■ **Problem description**
Retype, word for word, every line from the one holding "ntechsolutions" through the one holding "128 State Rd" in the entries below, both included, and only those lines.

■ **Listed records**
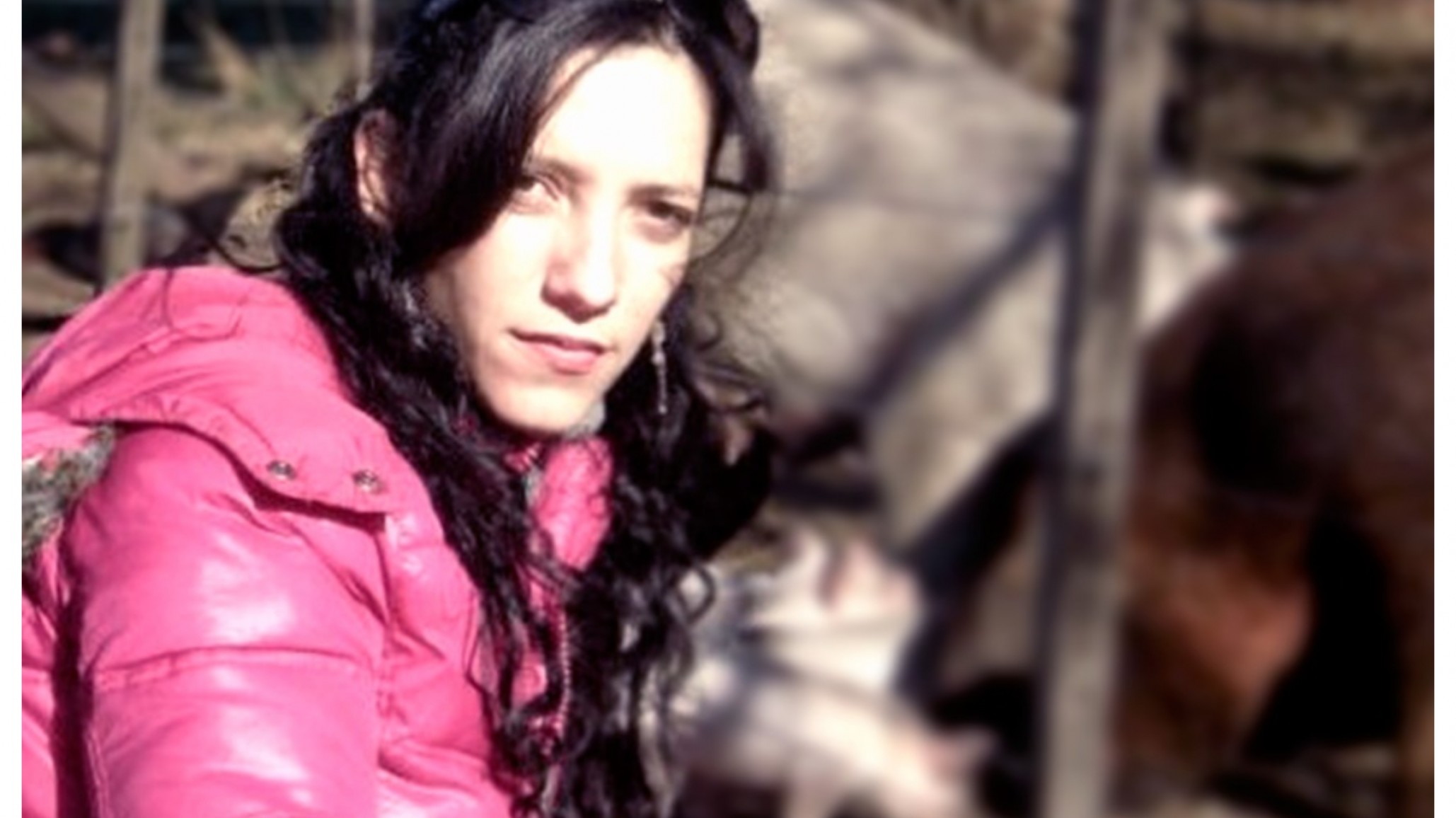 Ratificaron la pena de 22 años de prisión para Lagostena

...

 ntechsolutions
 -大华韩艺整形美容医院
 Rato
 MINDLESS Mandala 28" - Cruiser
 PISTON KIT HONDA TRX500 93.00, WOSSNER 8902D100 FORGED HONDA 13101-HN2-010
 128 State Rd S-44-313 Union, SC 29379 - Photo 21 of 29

...

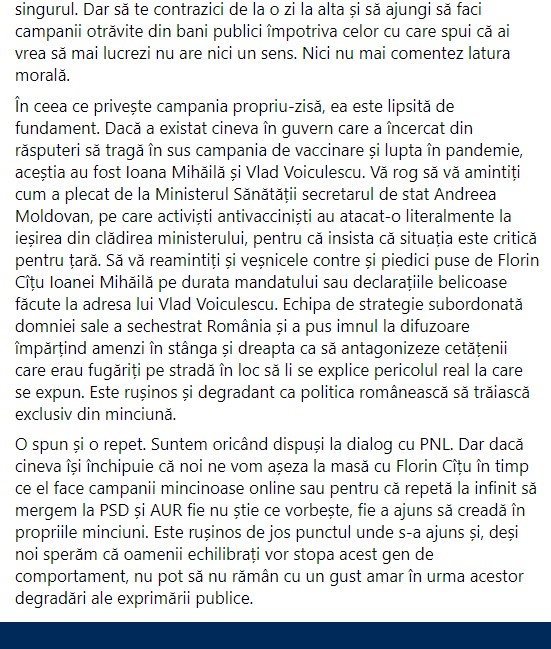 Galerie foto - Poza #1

■ **Answer to the problem**
 ntechsolutions
 -大华韩艺整形美容医院
 Rato
 MINDLESS Mandala 28" - Cruiser
 PISTON KIT HONDA TRX500 93.00, WOSSNER 8902D100 FORGED HONDA 13101-HN2-010
 128 State Rd S-44-313 Union, SC 29379 - Photo 21 of 29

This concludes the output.